The move seemed unlikely as he ended his attachment to Donegal but, as he explains, "I decided, being from Fermanagh, it would be something I would do once in my life so maybe now is the time to do it."
Having suffered relegation to Division Three and two heavy Championship defeats in 2017, the job may seem less than tempting, but Gallagher, who played seven seasons for the Erne County having made his debut as a 16-year-old in the National League in 1996, believes the talent is there, even allowing for a freakish rate of player turnover in such a small county.
The Belleek native said: "I would have to say, having studied Fermanagh prior to 2016 with Donegal it was likely we would meet them and we did beat them. But I thought Fermanagh were operating at a high enough level and then watching their game against Mayo.
"Things didn't go as they would have liked in 2017 but, either way, they feel there is more in them and when players are saying that, I see that as a challenge now for myself and the management team.
"People say, 'do you set targets?' And no, you set targets to improve. You obviously want to improve each player and want to improve the group collectively and see where that will take you."
Already Gallagher has made an impression, naming an eye-catching backroom team including former Tyrone All-Ireland winner Ryan McMenamin along with his brother Ronan and former team mate Shane McCabe. The quartet is probably the freshest inter-county management team in Ireland with none of them in the forties yet.

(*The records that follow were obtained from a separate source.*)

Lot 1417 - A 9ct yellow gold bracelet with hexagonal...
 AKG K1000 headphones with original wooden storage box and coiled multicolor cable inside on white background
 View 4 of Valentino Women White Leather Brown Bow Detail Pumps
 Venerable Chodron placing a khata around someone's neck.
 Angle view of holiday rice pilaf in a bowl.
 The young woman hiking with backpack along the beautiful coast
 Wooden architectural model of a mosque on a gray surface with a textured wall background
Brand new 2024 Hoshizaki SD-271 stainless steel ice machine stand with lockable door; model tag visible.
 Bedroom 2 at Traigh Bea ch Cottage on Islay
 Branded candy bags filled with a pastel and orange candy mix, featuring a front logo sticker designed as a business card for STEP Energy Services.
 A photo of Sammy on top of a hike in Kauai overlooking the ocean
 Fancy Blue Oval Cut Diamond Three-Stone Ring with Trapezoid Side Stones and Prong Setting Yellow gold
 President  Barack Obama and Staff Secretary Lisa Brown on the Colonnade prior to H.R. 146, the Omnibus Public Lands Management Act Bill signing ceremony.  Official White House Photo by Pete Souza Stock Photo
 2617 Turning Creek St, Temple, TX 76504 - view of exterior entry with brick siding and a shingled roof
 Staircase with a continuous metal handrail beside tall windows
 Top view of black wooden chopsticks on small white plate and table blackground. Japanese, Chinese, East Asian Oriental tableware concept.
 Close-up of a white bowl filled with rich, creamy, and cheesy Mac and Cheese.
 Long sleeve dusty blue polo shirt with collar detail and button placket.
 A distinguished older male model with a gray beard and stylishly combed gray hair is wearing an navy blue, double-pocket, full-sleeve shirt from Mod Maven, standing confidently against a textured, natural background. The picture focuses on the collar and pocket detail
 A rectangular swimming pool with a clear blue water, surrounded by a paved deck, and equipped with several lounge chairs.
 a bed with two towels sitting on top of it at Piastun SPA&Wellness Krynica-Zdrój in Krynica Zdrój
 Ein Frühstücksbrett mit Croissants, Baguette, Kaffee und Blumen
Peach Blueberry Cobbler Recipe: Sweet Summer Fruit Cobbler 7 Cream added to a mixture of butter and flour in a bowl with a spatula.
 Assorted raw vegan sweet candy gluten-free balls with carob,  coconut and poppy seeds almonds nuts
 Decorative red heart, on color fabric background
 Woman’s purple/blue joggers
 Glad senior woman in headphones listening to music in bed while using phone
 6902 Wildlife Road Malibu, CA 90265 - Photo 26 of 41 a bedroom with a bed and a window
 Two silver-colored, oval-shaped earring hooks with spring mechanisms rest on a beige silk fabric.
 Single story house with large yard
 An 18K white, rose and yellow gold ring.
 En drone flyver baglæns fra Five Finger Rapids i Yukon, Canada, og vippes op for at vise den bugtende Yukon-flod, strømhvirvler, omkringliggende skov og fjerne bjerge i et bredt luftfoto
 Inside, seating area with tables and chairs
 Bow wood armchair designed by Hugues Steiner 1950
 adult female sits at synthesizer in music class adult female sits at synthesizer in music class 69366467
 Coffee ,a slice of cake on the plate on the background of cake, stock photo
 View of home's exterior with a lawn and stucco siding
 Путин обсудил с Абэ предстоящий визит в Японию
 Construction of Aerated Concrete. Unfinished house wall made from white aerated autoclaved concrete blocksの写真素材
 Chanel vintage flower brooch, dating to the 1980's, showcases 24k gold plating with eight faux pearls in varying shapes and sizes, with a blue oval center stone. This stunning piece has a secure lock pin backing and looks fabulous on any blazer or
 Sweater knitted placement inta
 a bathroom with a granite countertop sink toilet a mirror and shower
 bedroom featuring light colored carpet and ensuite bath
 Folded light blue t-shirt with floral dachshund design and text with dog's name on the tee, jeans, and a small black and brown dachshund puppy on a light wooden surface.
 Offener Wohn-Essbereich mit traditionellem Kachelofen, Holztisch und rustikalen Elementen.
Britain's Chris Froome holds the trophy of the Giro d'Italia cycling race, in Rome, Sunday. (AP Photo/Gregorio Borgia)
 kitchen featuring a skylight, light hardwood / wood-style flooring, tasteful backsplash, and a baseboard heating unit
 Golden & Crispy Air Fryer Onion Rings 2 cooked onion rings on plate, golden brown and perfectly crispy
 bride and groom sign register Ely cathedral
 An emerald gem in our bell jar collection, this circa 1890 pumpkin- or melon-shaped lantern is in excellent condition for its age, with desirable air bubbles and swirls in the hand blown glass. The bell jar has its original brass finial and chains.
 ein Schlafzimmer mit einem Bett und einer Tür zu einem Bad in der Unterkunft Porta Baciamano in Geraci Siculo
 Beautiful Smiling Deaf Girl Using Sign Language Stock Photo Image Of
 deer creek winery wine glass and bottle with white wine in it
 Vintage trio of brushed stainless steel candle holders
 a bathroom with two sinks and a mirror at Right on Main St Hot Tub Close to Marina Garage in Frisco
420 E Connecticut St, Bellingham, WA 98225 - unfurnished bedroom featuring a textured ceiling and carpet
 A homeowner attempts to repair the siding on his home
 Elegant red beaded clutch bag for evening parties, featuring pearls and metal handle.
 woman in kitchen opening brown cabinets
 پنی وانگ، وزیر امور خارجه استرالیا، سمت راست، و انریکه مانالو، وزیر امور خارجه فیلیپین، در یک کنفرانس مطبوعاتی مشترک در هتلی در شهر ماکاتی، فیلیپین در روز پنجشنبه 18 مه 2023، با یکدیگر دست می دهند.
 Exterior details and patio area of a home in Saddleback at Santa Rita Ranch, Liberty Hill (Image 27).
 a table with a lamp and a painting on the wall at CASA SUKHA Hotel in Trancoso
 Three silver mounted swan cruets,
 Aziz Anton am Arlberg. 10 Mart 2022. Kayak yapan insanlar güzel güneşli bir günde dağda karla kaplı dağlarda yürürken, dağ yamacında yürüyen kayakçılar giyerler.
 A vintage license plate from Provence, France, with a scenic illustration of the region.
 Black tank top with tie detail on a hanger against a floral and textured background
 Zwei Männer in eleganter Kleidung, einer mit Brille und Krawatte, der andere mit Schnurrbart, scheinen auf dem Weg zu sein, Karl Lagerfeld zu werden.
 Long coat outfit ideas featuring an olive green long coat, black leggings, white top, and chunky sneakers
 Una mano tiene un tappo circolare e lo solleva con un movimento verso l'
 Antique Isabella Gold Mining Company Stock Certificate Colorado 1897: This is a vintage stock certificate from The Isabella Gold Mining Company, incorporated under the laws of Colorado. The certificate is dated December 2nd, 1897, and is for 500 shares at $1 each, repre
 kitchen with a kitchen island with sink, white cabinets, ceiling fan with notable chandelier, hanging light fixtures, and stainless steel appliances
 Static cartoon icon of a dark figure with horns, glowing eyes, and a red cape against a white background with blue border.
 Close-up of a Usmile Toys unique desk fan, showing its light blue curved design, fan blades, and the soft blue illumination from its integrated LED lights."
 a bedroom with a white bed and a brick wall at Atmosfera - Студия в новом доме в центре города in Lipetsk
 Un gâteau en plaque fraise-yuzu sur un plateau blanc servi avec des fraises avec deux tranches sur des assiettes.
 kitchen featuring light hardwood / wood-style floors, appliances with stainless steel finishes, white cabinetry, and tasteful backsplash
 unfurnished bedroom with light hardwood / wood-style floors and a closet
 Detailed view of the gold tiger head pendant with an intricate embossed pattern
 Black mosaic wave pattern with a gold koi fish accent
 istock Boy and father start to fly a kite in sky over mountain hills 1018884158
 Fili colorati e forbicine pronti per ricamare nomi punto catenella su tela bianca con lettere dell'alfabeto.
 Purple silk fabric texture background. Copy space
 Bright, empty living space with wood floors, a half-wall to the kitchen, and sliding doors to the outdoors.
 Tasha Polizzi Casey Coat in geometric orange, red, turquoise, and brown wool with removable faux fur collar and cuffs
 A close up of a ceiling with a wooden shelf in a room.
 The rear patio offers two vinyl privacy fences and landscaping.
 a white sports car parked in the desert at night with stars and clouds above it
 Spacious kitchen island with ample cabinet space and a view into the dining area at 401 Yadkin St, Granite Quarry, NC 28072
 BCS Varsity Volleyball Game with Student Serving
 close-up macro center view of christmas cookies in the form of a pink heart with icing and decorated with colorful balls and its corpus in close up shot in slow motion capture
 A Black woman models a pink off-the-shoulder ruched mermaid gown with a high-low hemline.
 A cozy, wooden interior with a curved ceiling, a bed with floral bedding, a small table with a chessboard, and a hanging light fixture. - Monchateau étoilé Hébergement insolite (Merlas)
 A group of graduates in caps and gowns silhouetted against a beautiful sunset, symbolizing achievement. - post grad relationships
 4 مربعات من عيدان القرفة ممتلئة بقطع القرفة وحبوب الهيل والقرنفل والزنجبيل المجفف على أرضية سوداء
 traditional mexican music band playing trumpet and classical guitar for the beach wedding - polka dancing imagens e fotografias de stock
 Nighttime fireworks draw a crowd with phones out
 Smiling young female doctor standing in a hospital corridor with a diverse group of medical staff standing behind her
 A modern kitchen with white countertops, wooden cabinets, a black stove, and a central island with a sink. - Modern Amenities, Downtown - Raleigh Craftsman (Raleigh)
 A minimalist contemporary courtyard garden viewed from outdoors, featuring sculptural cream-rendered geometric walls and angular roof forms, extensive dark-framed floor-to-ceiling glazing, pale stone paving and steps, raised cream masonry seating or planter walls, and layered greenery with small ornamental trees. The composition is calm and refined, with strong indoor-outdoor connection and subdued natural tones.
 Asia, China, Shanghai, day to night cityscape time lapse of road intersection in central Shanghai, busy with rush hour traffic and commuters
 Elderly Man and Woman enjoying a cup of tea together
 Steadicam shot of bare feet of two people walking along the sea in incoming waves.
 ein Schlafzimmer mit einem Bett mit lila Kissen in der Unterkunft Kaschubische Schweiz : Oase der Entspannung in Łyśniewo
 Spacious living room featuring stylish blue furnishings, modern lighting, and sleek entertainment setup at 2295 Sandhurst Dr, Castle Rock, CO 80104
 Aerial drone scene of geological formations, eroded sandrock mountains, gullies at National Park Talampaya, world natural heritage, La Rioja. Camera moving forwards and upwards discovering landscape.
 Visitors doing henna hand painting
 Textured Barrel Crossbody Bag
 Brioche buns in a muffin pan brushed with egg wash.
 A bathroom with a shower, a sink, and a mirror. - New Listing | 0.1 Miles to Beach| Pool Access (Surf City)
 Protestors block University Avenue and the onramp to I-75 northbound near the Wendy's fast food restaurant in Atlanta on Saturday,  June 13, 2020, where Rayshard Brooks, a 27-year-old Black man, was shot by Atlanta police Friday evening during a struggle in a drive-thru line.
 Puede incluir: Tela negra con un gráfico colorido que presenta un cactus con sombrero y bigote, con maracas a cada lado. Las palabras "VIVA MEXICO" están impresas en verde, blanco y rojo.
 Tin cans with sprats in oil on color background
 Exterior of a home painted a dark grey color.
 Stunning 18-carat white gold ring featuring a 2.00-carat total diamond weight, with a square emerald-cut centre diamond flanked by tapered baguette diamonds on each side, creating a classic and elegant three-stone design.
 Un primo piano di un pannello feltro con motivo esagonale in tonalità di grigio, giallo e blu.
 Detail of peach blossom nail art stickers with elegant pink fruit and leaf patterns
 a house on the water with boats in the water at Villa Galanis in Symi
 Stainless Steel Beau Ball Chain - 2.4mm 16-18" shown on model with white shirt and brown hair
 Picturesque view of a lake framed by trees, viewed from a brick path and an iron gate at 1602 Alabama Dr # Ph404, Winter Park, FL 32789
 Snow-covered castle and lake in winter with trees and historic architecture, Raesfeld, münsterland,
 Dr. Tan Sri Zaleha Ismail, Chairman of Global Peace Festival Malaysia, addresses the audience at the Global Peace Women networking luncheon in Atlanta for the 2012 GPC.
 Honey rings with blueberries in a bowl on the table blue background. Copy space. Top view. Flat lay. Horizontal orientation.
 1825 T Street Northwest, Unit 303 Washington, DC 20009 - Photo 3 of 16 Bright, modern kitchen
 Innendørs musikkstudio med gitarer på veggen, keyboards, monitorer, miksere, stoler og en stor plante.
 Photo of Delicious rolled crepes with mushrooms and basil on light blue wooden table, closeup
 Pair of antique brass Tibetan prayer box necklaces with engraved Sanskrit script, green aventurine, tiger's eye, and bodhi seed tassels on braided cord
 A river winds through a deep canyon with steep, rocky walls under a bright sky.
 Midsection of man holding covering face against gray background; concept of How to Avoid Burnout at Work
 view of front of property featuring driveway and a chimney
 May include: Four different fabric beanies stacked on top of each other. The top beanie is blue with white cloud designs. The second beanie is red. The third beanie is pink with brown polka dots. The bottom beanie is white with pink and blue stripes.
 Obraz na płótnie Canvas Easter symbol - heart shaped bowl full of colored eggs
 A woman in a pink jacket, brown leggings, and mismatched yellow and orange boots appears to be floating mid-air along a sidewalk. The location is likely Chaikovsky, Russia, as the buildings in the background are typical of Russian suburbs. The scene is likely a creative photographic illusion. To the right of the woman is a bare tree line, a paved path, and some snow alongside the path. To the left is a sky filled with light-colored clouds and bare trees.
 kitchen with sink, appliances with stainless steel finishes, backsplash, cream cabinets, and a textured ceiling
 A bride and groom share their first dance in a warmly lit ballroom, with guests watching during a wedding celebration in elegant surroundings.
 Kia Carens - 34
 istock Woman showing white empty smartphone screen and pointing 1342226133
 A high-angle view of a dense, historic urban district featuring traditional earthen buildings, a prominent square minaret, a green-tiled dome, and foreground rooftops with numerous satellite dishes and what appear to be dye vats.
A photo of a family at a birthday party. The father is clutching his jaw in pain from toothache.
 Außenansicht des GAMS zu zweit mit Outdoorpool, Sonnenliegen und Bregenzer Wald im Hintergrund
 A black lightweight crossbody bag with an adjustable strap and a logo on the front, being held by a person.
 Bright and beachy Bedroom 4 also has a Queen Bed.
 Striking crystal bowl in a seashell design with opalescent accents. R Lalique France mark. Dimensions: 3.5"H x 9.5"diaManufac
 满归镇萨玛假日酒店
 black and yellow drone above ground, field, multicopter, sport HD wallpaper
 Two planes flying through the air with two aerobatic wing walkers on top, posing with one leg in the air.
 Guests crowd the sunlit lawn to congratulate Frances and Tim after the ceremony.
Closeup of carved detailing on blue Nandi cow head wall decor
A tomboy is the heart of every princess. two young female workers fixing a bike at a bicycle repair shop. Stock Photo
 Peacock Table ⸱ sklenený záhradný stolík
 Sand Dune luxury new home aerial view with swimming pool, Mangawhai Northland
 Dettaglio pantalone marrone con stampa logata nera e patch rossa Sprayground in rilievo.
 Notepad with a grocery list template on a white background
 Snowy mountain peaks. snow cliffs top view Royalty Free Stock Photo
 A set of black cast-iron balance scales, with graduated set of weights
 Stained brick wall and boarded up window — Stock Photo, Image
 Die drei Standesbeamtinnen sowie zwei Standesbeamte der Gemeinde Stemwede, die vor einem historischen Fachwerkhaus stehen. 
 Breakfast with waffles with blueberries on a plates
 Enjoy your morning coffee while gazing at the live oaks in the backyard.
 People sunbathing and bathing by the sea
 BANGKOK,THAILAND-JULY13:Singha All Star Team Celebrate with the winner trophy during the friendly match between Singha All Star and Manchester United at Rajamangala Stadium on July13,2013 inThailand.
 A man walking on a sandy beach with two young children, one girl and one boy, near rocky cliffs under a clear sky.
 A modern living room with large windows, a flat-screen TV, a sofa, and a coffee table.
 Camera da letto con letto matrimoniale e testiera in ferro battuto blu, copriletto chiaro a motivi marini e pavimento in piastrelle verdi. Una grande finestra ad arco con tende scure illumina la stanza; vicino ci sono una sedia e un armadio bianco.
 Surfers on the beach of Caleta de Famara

For now, Gallagher is not indulging talk of targets and what would represent progress, but points out: "In the last seven years, Fermanagh have only won Ulster Championship matches against Antrim and that's something we need to achieve - to become more competitive.
"From now to the start of the National League, I want to make sure we prepare better than anybody else in the country."
He continues: "We as a group need to knuckle down, work very hard, train smart and arrive at the start of the league.
"And then we need to arrive at the start of the league. Then we will push on to arrive at the start of the Championship.
"For any player in the panel, commit to it, improve, and after that I will have a better idea of where we are at."
The surprise over Gallagher's appointment is related to how his relationship has not always been harmonious with the Fermanagh county board.
However, the board have been delighted with their appointment and deserve credit for their recent track record in recruiting Pete McGrath and before that Peter Canavan.
However, a county such as Fermanagh can struggle with logistics, something Gallagher did not duck when asked about his previous opposition to a lack of ambition or planning for success.
It's something that he struggled against as a player in his time.
"That has been there for many years," he downplays.
"Now I am in a position of control, I feel, on how the team trains, how they prepare. I feel that's the huge challenge for me because we don't have the massive resources so it is a huge challenge. And every player that is good enough to play in the panel is absolutely crucial.
"It's up to me to provide an environment that gets the absolute best out of them."
He also sent out his own challenge to the players, including the recalled Seamus Quigley, adding: "But I would also say it's up to the players to decide how badly they want to improve.
"Management don't have a magic wand, but we can convince them we provide a set-up that will enable them to become the best they can be, and that's the challenge now for the boys. What are they prepared to do.
"I'm looking forward to seeing that between now and the start of the National League."